Research

I study comparative politics, with a regional focus on Eastern Europe and Eurasia. My research interests include questions related to education, propaganda, repression and resistance in authoritarian regimes. Since May 2022, I have been working on the Russia Watcher project with Grigore Pop-Eleches and Jacob Tucker. We conduct daily public opinion surveys in Russia to study public opinion regarding the war in Ukraine. See our website and Twitter page. In other ongoing projects, I am studying the politics of exiles and emigres, both in the case of Russians who fled after the February 24 full-scale invasion of Ukraine, and more broadly. Finally, I am doing exploratory work with archival data on the Soviet mass literacy campaign in Moldova and mass repressive policies carried out in territories annexed by the Soviet Union through the Molotov-Ribbentrop Pact.

I completed an MPhil in Politics and International Studies at the University of Cambridge in 2021. My dissertation focused on international aid in Belarus and Ukraine. My project compared how differing political conditions in Belarus and Ukraine affected the provision of international aid to victims of the Chernobyl nuclear disaster. A summary of my findings was published on the website of Harvard University’s Davis Center for Russian and Eurasian Studies.

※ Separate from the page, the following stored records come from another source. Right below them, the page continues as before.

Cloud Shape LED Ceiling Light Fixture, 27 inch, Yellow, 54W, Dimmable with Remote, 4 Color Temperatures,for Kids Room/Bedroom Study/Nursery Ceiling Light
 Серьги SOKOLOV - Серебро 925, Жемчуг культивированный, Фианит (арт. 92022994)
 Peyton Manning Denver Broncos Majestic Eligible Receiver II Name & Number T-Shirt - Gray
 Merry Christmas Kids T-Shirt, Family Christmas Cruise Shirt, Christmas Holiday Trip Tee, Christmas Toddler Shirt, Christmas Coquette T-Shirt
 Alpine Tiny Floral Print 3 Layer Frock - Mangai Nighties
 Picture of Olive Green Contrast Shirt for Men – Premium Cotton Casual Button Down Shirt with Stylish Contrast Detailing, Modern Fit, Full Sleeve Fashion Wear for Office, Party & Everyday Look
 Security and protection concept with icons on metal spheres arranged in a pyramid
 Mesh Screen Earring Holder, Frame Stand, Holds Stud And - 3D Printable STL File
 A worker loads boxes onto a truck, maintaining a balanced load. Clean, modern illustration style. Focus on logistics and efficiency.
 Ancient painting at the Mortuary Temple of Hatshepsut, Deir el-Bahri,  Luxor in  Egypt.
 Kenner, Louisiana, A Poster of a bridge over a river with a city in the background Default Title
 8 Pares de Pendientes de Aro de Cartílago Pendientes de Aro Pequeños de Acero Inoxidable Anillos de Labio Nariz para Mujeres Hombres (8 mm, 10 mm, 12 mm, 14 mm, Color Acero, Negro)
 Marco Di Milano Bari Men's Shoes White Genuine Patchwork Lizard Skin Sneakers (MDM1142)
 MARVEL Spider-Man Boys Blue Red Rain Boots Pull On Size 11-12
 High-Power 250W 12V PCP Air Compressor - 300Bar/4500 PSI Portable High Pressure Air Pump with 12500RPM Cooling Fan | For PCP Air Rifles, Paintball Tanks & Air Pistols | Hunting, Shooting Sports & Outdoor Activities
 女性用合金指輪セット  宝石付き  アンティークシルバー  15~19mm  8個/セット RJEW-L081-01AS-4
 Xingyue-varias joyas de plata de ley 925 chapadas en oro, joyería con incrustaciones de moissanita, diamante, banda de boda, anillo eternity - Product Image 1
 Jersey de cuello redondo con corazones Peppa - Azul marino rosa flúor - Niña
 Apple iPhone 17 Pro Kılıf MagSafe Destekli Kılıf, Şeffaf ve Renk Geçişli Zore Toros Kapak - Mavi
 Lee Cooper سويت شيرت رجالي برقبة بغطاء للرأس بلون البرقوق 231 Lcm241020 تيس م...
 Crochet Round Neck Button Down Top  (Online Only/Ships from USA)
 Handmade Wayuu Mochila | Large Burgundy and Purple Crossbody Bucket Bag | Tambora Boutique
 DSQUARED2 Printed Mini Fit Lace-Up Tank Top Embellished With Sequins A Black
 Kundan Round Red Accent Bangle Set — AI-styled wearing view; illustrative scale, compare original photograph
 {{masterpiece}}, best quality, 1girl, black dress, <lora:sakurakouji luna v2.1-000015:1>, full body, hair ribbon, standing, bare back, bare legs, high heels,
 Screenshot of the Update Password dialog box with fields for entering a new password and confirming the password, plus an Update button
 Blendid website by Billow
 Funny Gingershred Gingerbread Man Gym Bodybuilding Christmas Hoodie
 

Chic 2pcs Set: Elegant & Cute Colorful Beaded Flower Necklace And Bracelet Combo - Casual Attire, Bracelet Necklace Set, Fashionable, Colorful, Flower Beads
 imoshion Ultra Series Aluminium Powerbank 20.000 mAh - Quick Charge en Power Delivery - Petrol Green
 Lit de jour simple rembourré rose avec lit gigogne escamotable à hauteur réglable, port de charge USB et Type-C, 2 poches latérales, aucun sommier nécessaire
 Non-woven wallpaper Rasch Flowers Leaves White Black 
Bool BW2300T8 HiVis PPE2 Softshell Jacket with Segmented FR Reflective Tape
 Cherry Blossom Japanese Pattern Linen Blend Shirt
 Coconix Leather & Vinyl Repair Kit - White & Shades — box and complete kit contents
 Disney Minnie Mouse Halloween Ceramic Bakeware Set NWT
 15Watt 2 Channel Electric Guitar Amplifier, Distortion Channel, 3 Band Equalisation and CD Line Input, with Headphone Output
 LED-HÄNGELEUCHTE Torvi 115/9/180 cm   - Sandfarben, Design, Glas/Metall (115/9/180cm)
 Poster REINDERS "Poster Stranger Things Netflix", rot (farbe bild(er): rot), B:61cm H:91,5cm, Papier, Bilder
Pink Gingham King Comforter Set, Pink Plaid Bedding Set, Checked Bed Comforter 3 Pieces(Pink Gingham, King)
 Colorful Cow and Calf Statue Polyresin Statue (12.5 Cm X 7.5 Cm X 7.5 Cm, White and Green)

I earned my BA in Government and MA in Regional Studies: Russia, Eastern Europe and Central Asia at Harvard University in 2020. My thesis focused on Soviet-Cuban educational exchange programs. I spent one month in Moscow and two months in Havana collecting hundreds of Soviet archival documents and conducting over 60 semi-structured interviews diplomats and graduates of Soviet universities. The thesis, titled “From the ‘Island of Freedom’ to the Iron Curtain: Rethinking the Role of Soft Power in Soviet-Cuban Educational Exchange Programs,” was awarded a summa grade and won several prizes, including the Hoopes Prize and the Hammond Prize for the best undergraduate thesis related to Spanish-speaking Latin America. An article that explores some of my findings from a historical perspective is forthcoming in a special edition of Cahiers du monde russe.

In another research project, I used qualitative interviews and archival documents to analyze Cuba’s reaction to the Chernobyl nuclear disaster. I presented preliminary findings at the Taras Shevchenko Conference at Indiana University in March 2020 and the virtual convention of the Association for the Study of the Cuban Economy (ASCE) in August 2020. The paper won a graduate award at the ASCE convention.